After the grand success of our first day in Tokyo, I was
intimidated by the task of planning Day 2. Especially as I’d weirdly decided to
plan it all around a random cheese shop Roz had once read about, which was
located in an obscure district. Off we went, but it couldn’t have been that obscure in the end, because first stop: Blue Bottle
coffee. We first visited Blue Bottle in San Francisco and have happy memories
of it, especially its impossibly pretentious hipster vibe. Which was entirely
replicated at their Tokyo coffee roastery in Kiyosumi. We thus had a lovely
sunny start to the morning with coffee and green-tea-and-lemon cake in their
café before proceeding to nearby Kiyosumi Garden (and splashing out 60p for the
privilege of admission). Another remarkably beautiful, charming, serene landscaped
garden, another delightful lake around which to stroll… Afterwards we found
ourselves walking along canals and suddenly a big, beautiful, sparkling river
spanned by umpteen bridges and traversed by numerous pleasure boats. To be
honest, we had not seen this coming! Hadn’t really considered that Tokyo had a
big river running through it. Much less that it would have a long, beautifully
landscaped pedestrian walkway! What a treat. In fact it wasn’t til we were
having lunch overlooking the river at the amusingly hip Mile Post Café that I
realised I’d entirely forgotten to go to the cheese shop upon which the whole
expedition had been based!
After lunch, and coffee at another ridiculously cool café,
we took to the water. I’d booked a kayak tour, and didn’t know what to expect.
What we received was paddling down serene, beautiful canals, going past quiet
neighbourhoods, waving to locals, munching on Japanese snacks, and having a
charming, relaxing time… punctuated by occasional peril and terror as we battled
huge (definitely huge, I say!) waves, trying to cross the aforementioned river.
What a fun trip.
We went home to dry off/glam up, for a particularly exciting
expedition: our first proper visit to Daikanyama, the neighbourhood we’ll be
living in for the next several months. People have described it as a cross
between Covent Garden and Brooklyn. It’s certainly unlike much of the rest of
Tokyo.

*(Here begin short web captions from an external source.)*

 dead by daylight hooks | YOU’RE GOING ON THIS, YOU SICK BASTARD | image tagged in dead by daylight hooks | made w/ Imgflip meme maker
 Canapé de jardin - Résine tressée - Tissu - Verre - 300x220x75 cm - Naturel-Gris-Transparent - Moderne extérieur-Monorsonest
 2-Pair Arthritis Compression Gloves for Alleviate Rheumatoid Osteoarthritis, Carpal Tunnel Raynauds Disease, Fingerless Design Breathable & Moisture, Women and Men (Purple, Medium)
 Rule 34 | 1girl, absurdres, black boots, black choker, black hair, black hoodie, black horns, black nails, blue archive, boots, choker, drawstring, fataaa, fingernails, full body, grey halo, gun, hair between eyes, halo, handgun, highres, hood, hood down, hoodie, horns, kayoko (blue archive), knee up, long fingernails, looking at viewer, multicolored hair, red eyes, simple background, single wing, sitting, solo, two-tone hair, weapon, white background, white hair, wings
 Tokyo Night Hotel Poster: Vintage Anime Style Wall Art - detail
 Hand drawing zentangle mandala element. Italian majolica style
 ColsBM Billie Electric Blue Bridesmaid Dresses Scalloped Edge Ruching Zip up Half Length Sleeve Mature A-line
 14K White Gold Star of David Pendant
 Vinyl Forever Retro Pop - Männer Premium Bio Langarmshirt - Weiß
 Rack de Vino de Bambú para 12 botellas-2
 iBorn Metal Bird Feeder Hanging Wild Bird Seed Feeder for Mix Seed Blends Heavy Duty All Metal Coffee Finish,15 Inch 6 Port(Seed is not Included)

We approached from Shibuya, climbing up and over a giant motorway, up a
big hill (the yama of Daikanyama means mountain…) and finally, there we were!
It was dark, we probably weren’t on the main arteries, but we wound our way
round little alleys peppered with boutiques and cafes and all things charming
til we reached our specific destination for that night: the T Site. This area
is named after its flagship bookshop, Tsutaya Books. In addition to the huge
bookshop itself (which includes a café and a bar), the very beautiful T Site
has several other cool shops, the trendiest dog park you’ll ever see, and Ivy
Place, a fancy Italian restaurant, and our destination for the evening. We
toasted our new life and ate delicious food and it was all fabulous.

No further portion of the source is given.